5 Revelations About Apple This Week

Focus On Apple

While next week will be a major one for Apple news with the release of the company's latest quarterly results, this week still saw a generous helping of revelations about the Cupertino, Calif.-based company. Reports of a plan to switch to Intel modems for the iPhone and slowing demand for iPhone X led the way, along with news of OLED price negotiations with Samsung, a MacBook Pro recall and a possible virtual-reality headset in the works.

To boil it all down, in the following slides we've rounded up what you need to know about the five latest Apple revelations.

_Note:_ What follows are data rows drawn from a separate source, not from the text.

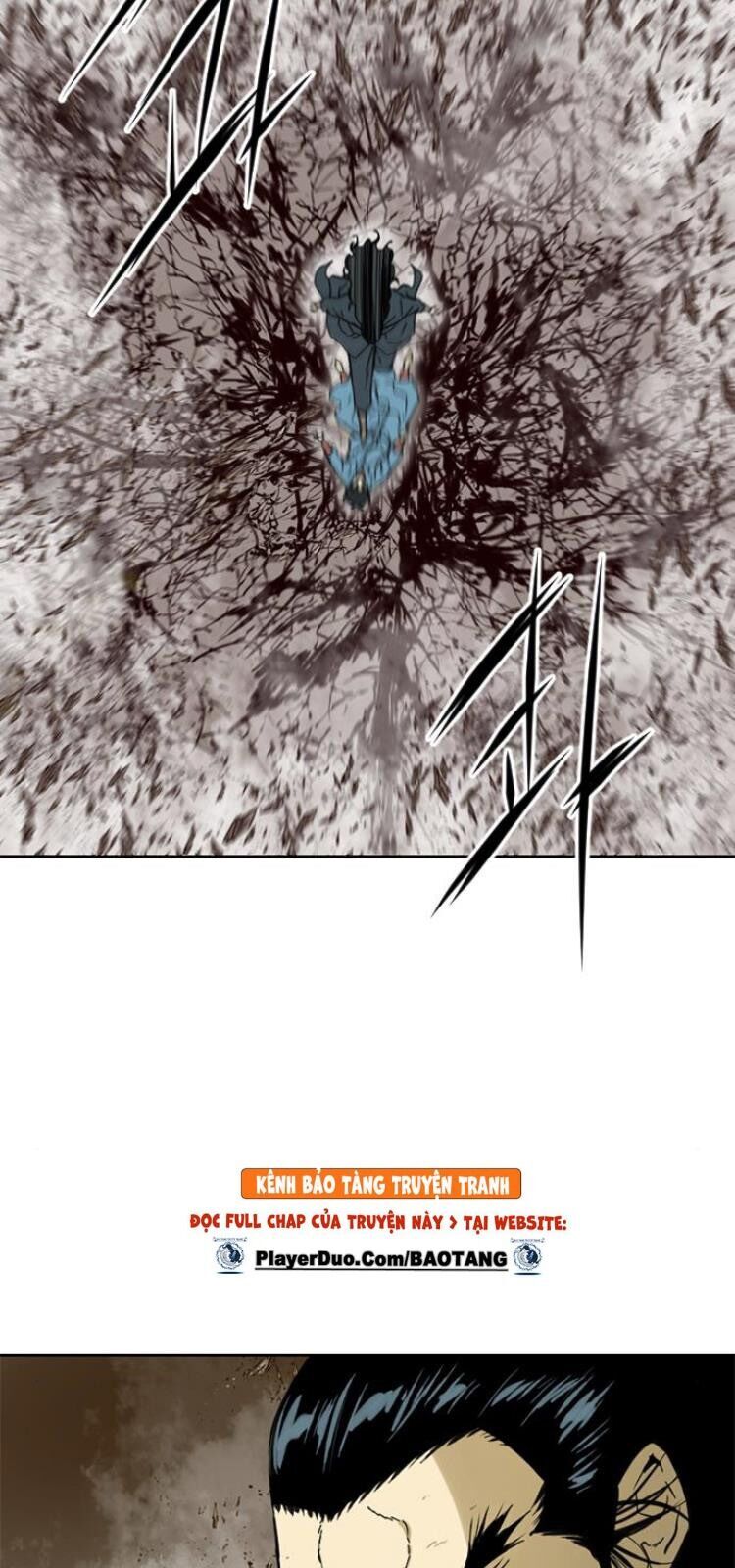 Thiên Hạ Đệ Nhất Nhân Chap 20 - Next Chap 21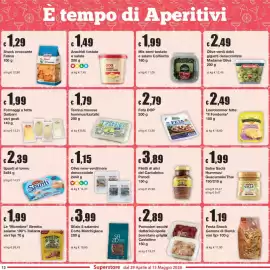 Volantino Sì con te Superstore Pagina 12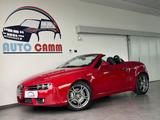 Alfa Romeo Spider 3.2 V6 Exclusive Q4 260cv - Alfa Romeo Spider: 3.2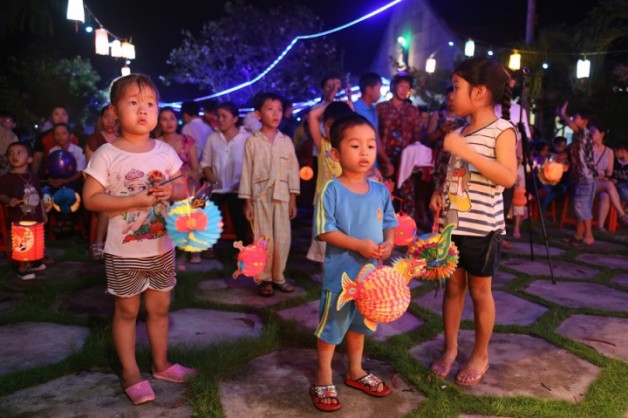 CHỈ MỘT CHÚT … CHÚT XÍU THÔI
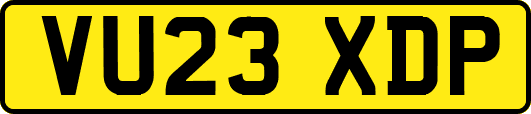VU23XDP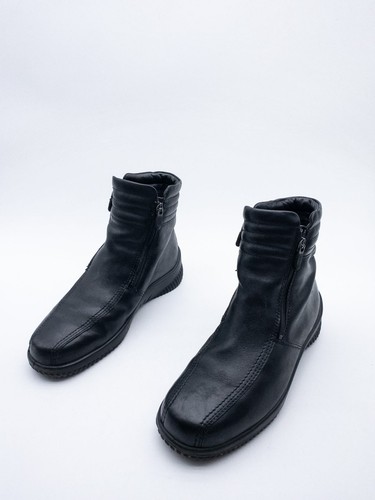 Ecco bottes bottines femme - femme, en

Apple May Rely On Intel Chips For iPhone

Apple reportedly is planning to use Intel cellular modems for 70 percent of its new iPhones coming out this fall and 100 percent of iPhones in 2019. Citing a source familiar with Apple's plans, a report from Fast Company said Intel potentially could supply more than 70 percent of iPhone modems this year if it can deliver under a certain timeline and budget. If Intel falls behind, Qualcomm may supply more than the 30 percent of modems it's currently slated to deliver this year, according to the report.

Apple is taking a wait-and-see approach because this is the first year Intel is handling the fabrication process for its modems after it had been previously handled by TSMC, Fast Company said. Intel has yet to reach a satisfactory yield rate for modem chips, but Intel engineers are confident they can sort out issues before production ramps up, according to the report.

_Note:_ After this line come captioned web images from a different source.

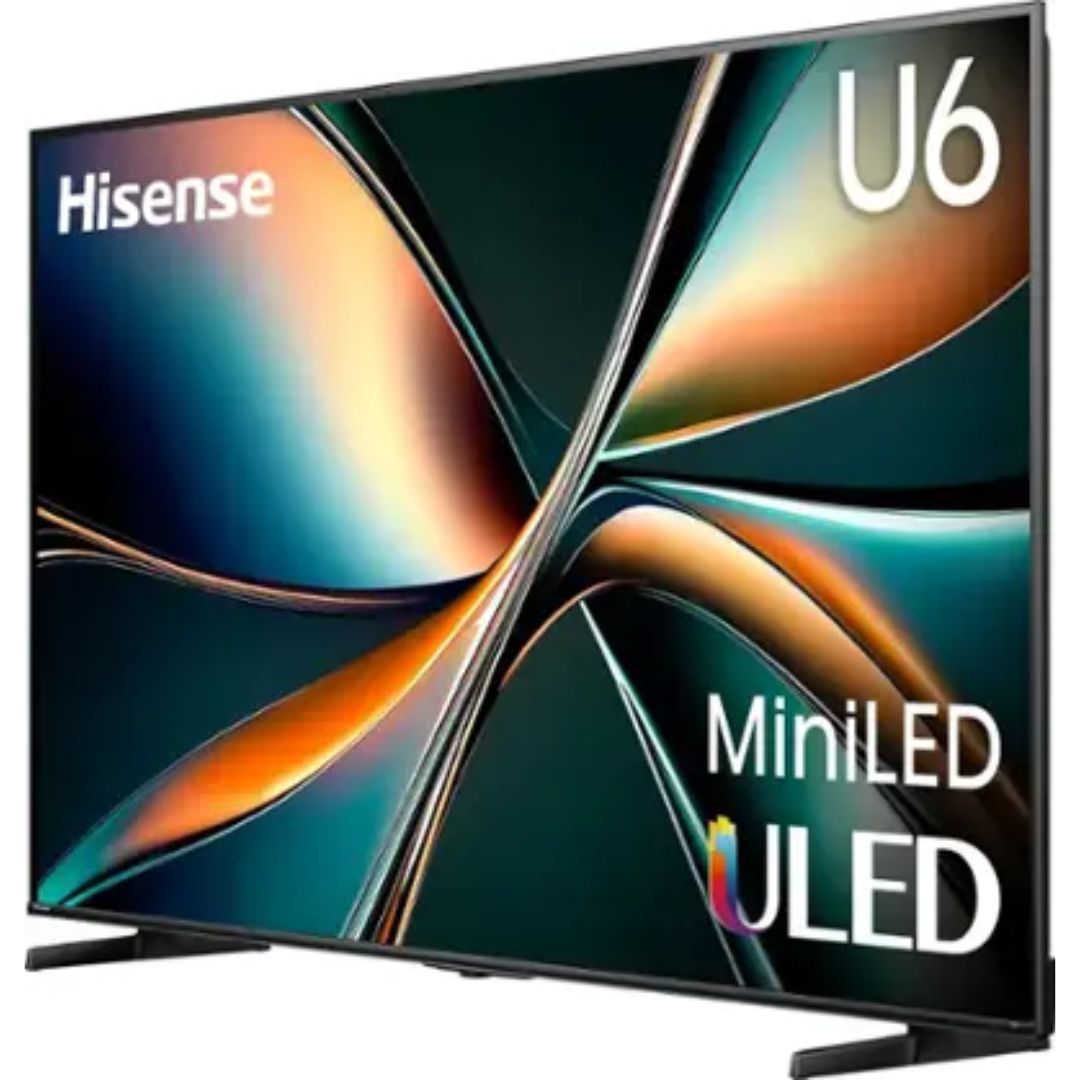 Hisense U6QF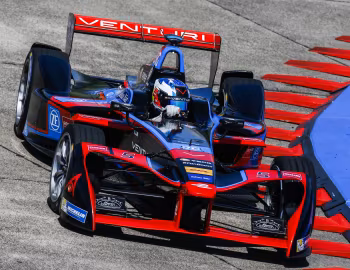 Venturi VM200-FE-02 '2016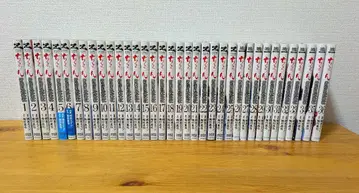 치루란 전권 1권부터 36권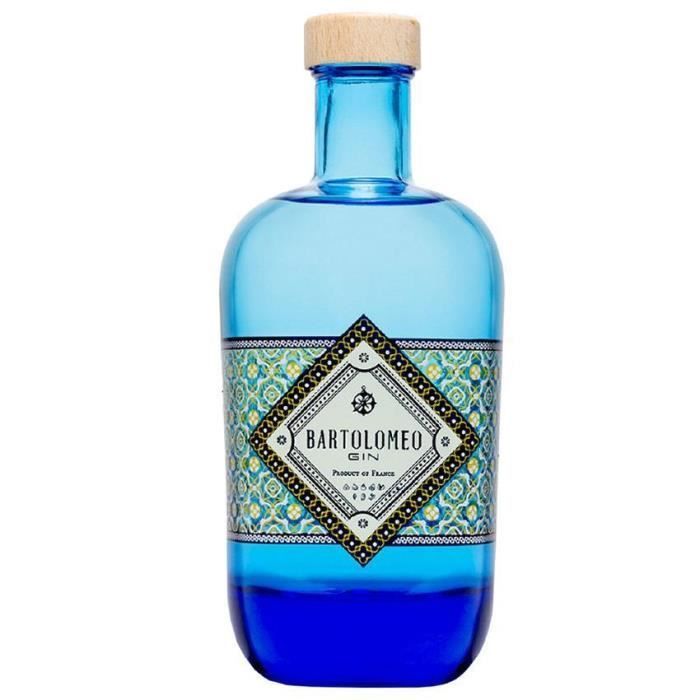 BARTOLOMEO GIN 70 CL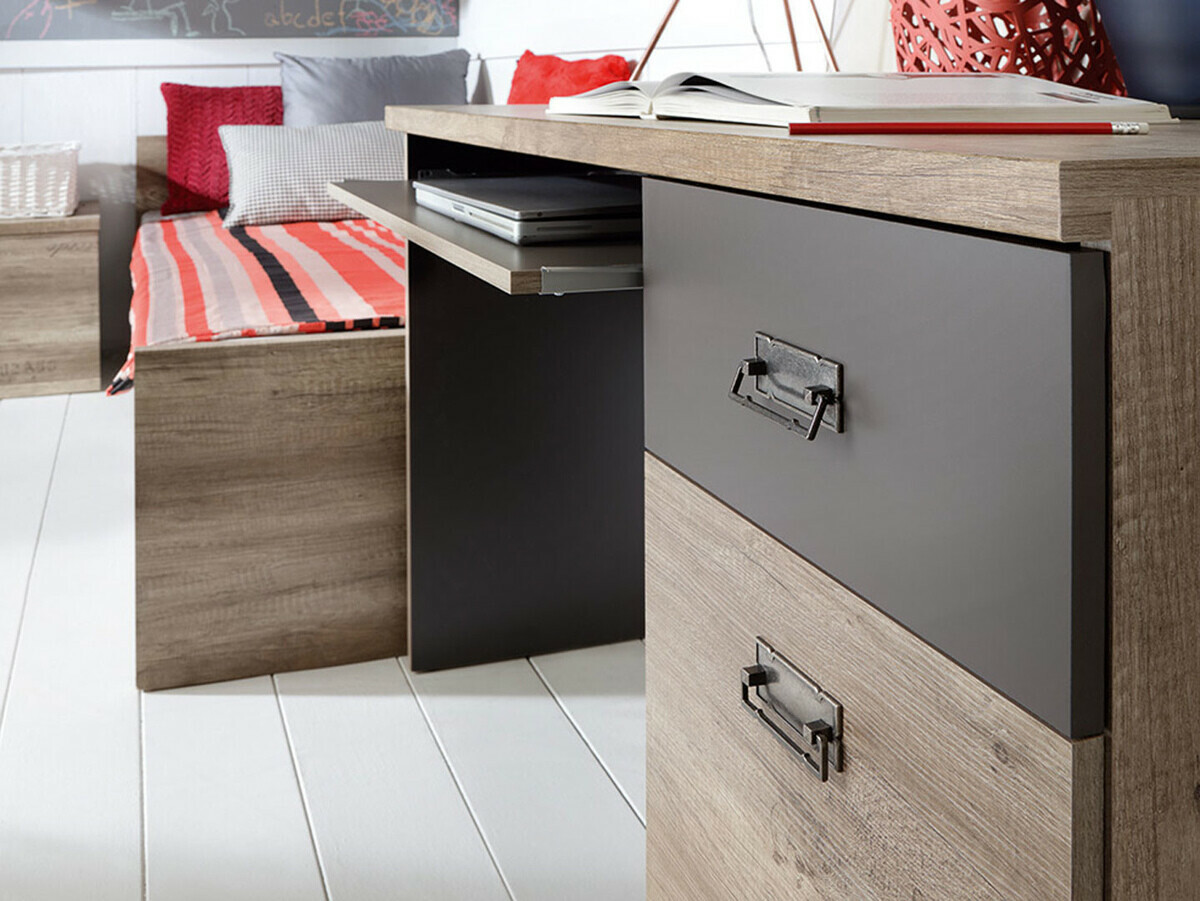 Uredski stol Odeveni 104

More Signs Of Weak iPhone X Demand

Judging by troubling earnings reports from numerous suppliers of components for the iPhone X, Wall Street this week was in "full panic mode" about possible slowing demand for the iPhone X, according to analyst Daniel Ives of GBH Insights. One prominent example was Samsung, which supplies the OLED displays used in the iPhone X. For Samsung's display panel segment in the first quarter, "profits were affected by slow demand for flexible OLED panels," the company said in its news release.

And that is not expected to change for the second-quarter results, Samsung said, when "generating overall earnings growth across the company will be a challenge" due to factors including "weakness in the display panel segment."

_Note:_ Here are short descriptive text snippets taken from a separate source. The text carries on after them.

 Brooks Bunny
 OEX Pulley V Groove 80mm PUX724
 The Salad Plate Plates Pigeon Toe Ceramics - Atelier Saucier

OLED Price Negotiations With Samsung

A Digitimes report this week suggested that Apple is pushing Samsung to reduce the cost of OLED displays. Specifically, Apple is negotiating to reduce the cost of an OLED panel to $100, from $110, according to the report. The move may be part of an attempt to help the upcoming iPhone releases, expected this fall, to grab more consumer appeal with a lower price than the $999 iPhone X. The Digitimes report estimates that the OLED panel represents roughly a third of the total cost of producing an iPhone X.

Separate reports suggest that Apple will abandon the traditional top-and-bottom display bezel design with this fall's iPhone launch, and fully embrace the nearly edge-to-edge design of the iPhone X. Two new iPhone models, in 5.8-inch and 6.5-inch sizes, will use OLED display technology, according to previous notes from well-known Apple analyst Ming-Chi Kuo of KGI Securities.

MacBook Pro Recall

In Mac news, Apple said it's initiating a battery replacement program for certain 13-inch MacBook Pro laptops because the batteries are prone to expanding. The recall affects models of the MacBook Pro that stem from the 2016 redesign -- but only impacts entry-level models that don't feature the Touch Bar, a touch-sensitive strip that replaces the function row of keys. In a web page for the replacement program, Apple said that a "limited number" of non-Touch Bar units of the MacBook Pro are impacted by the battery issue.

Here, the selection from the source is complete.